We introduce a framework for designing screening procedures for problems featuring a finite set of simulated systems, a.k.a., ranking-and-selection problems. The procedures guarantee to return either all acceptable systems, or each acceptable system, with high probability, where the definition of acceptability is flexible and can include feasibility with respect to one or more constraints and optimality with respect to one or more objectives. Specifically, the procedures construct separate confidence regions for each system’s performance and search within these regions for a configuration of performances for which a given system is acceptable. By implementing the procedures within a parallel computing environment, their running time can be reduced without compromising screening power. We demonstrate the effectiveness and efficiency of the procedures through numerical experiments.
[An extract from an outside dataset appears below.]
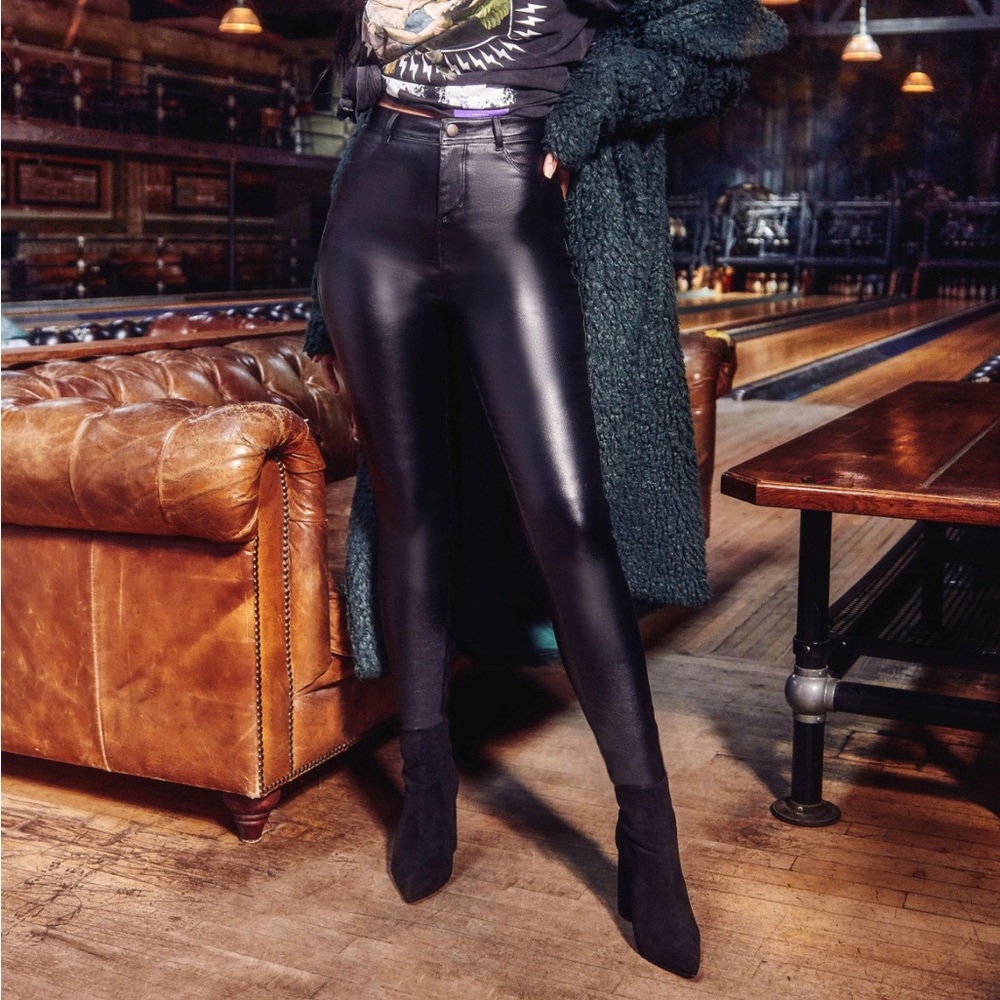 Black faux leather pants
David J. Eckman is an Assistant Professor in the Wm Michael Barnes '64 Department of Industrial and Systems Engineering at Texas A&M University. He received a Ph.D. in Operations Research from Cornell University and was a postdoctoral scholar in the Department of Industrial Engineering and Management Sciences at Northwestern University. His research interests deal with optimization and output analysis for stochastic simulation models. He is a co-creator of SimOpt, a testbed of simulation-optimization problems and solvers, and is a council member of the INFORMS Simulation Society.